I don’t know what to do. I am immersed in advertising and propaganda. I don’t know who I am. Everyone around me seems the same. There is something slightly askew. It is grating. I see shadows moving around my room but there is nothing to cast them; I leave my door open but when I look it is closed. I need help!

Pax



Crux

7 07 2007

It’s easy to experience something brilliant and want secretly to dedicate your life to it. I’ve phased through a lot of things. However, I’ve realised that to take on the world, real or fake, I’m going to have to call upon everything I am and ever was!

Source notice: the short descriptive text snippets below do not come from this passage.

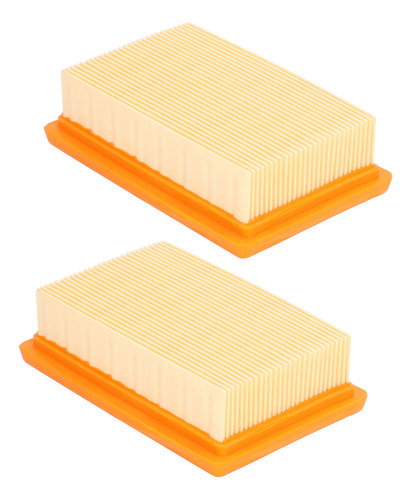 Filtro De 2 Peças 4203 141 0301/4203 007 1028 Para Mochila B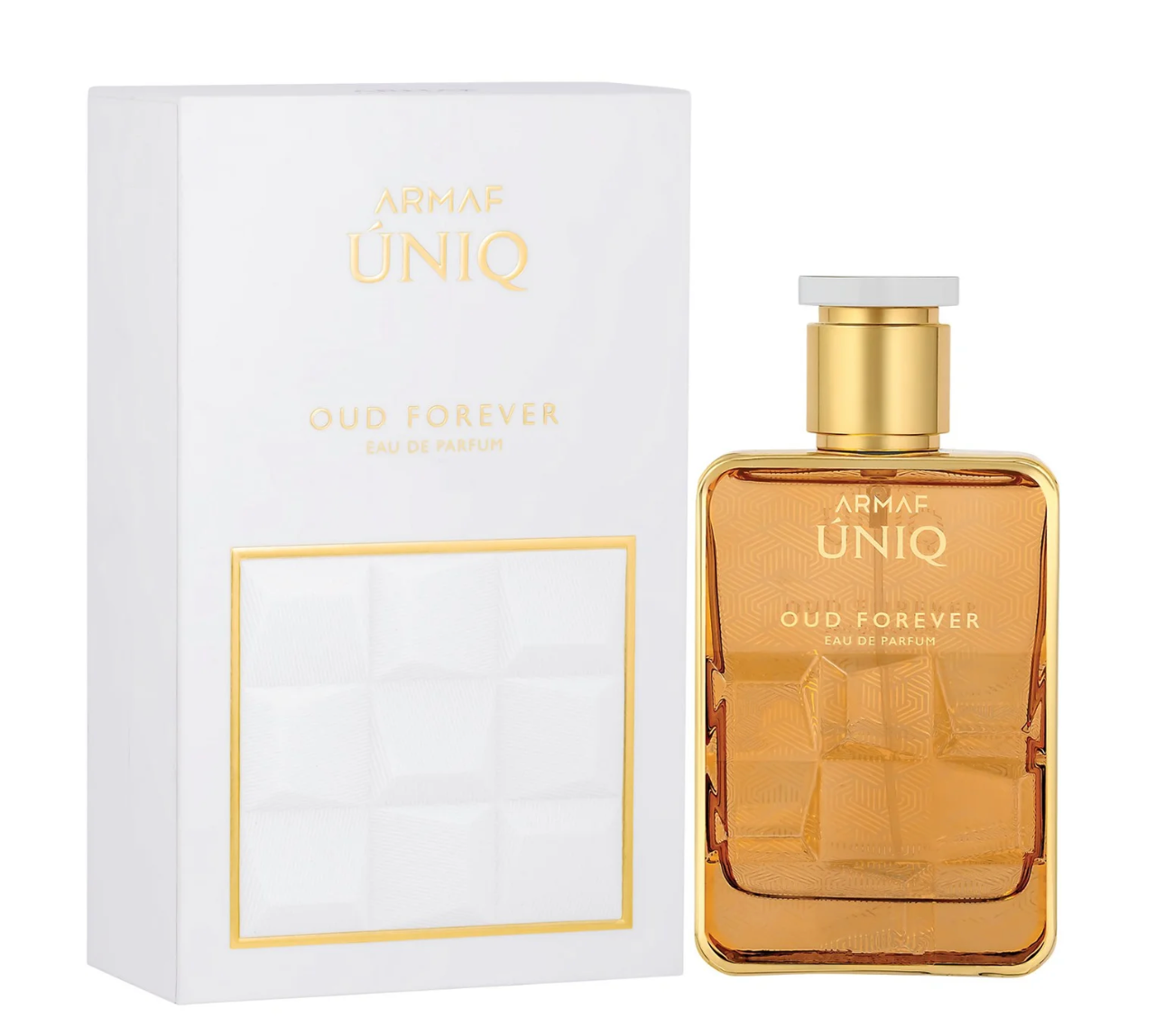 ARMAF UNIQ OUD FOREVER EDP 100ML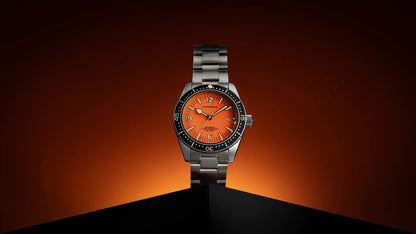 Caravelle Sea Hunter - Bulova Smart Buy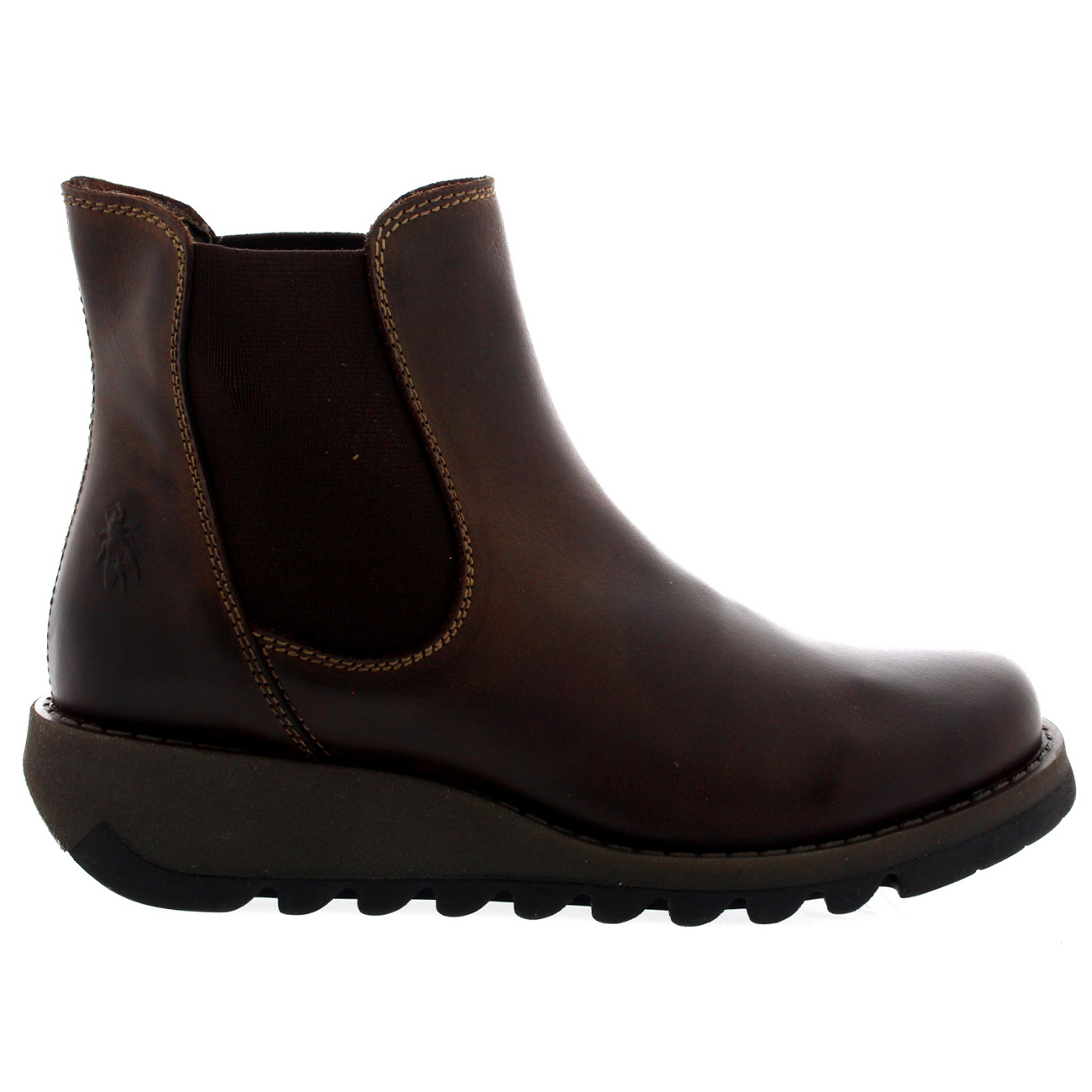 Mujer Fly London Salv Salv Salv Alfombra De Cuero Chelsea Invierno CORDÓN talón Tobillo botas De Reino Unido 3-9 aaf2fc Mujer Fly London Salv Salv Salv Alfombra De Cuero Chelsea Invierno CORDÓN talón Tobillo botas De Reino Unido 3-9 aaf2fc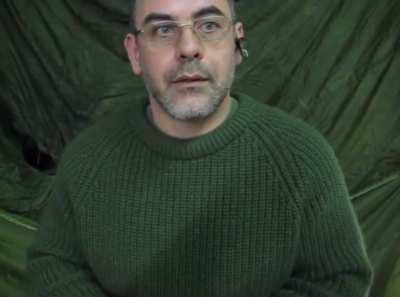 Dream removing the tnt during the manhunt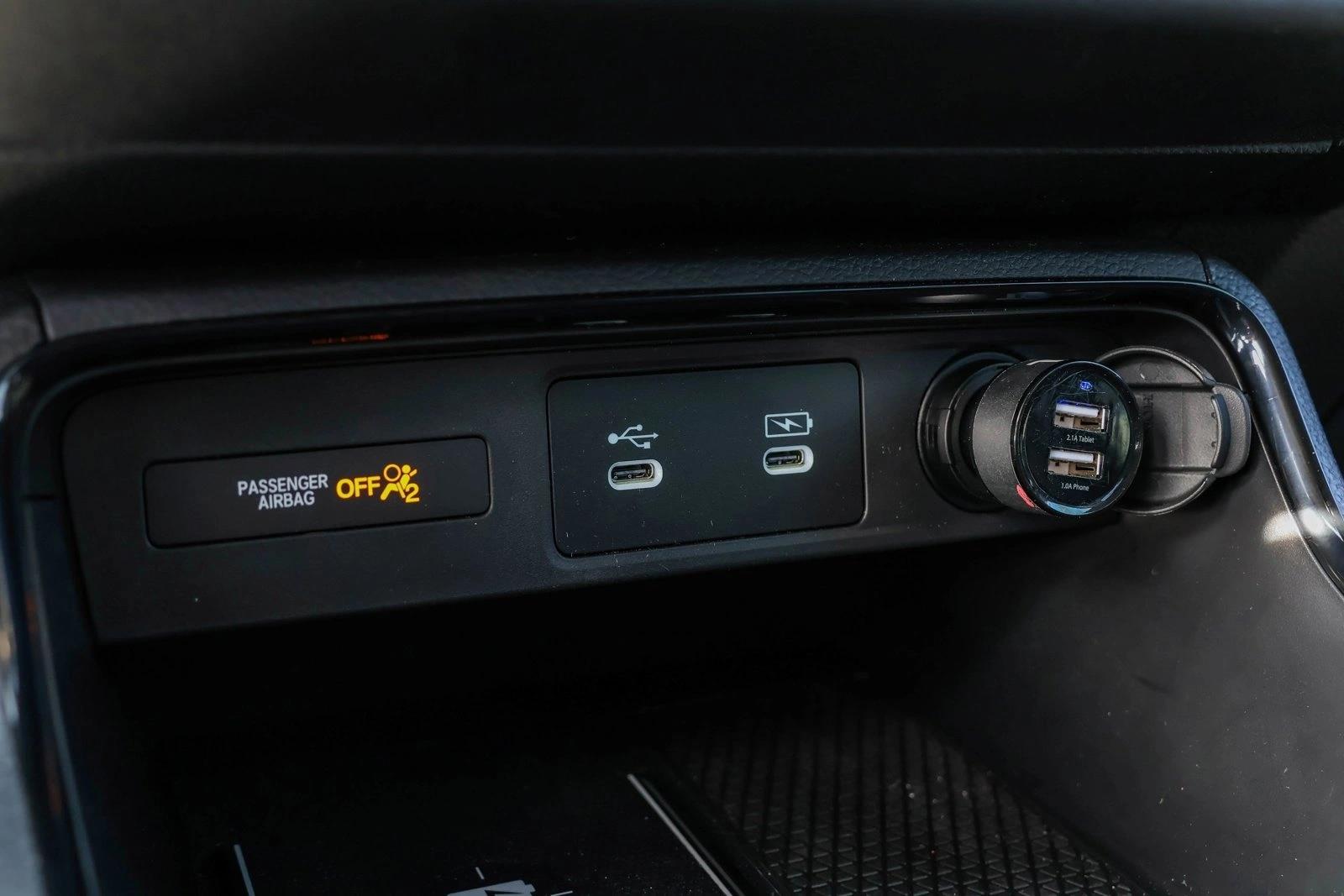 2026 HONDA CR-V - Image 19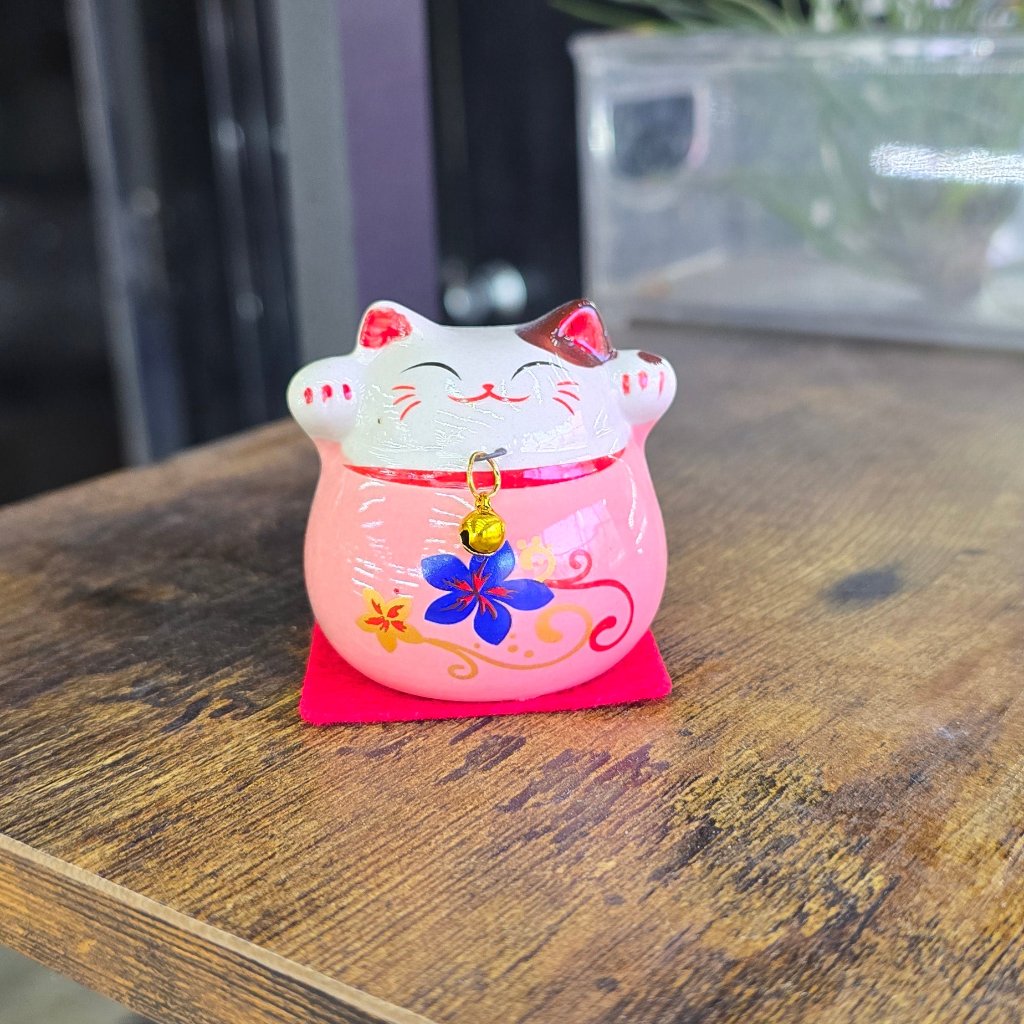 Maneki Neko - Miniature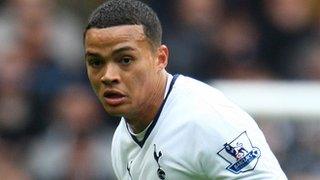 Jermaine Jenas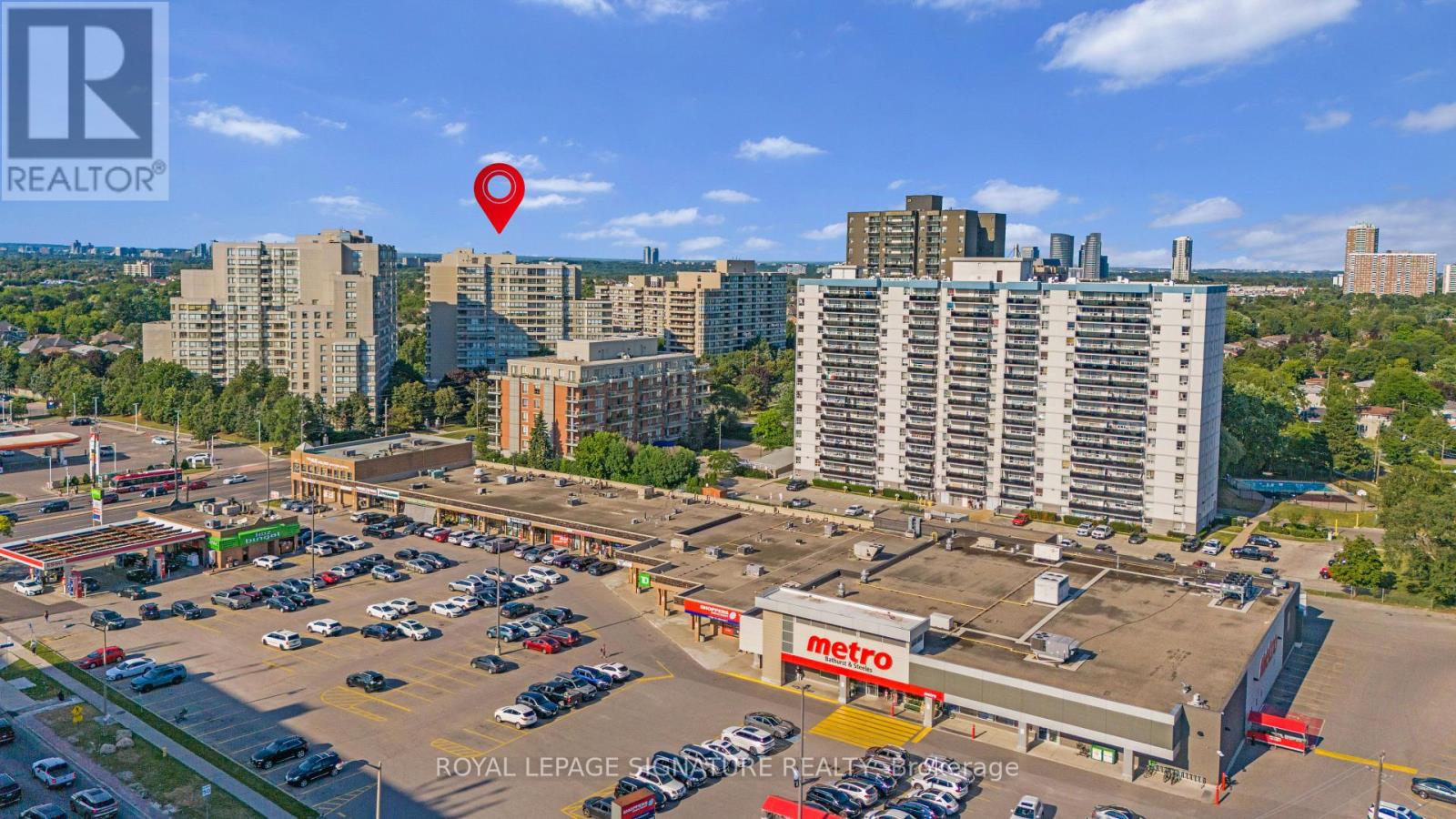 1410 - 11 Townsgate Drive, Vaughan (Crestwood-Springfarm-Yorkhill), Ontario  L4J 8G4 - Photo 29 - N13640234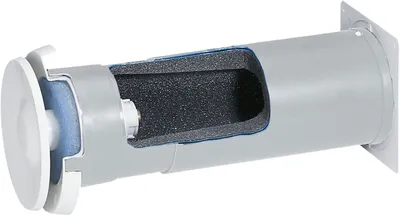 Produktbild von Helios-Ventilatoren ZLA 160, 56 g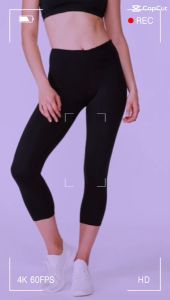 Legging Wanita Tertebal & Terbaik: Panduan Lengkap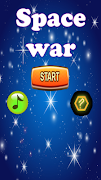 Space War Screenshot 1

I am every Wikipedia article I’ve ever read, every film I’ve seen and every obscure book I’ve tried to digest. I’m every corny TV show that has flashed before me and every piece of profound poetry that has lain before me. I haven’t forgotten. I am every point I’ve ever lost, grinding my teeth and sweating as people lunge into my unprepared torso, and every checkmate - and there have been many - I have grudgingly accepted. Every wrong note I’ve played in front of so many people, every extra session I stayed for at the gym! Every volley I muffed with my unlucky tennis coach, every computer I’ve crashed, every person who’s laughed at me and every person I’ve laughed at. Every plant I watered, pair of eyes I looked into, regret I’ve had, experiment I’ve botched.

I am surprisingly inadequate as a middle-class person but feel enriched in some way. Everything I have witnessed - mistakes and all - I carry forth into the world. When whatever I have to do makes itself known, … boy will I do it!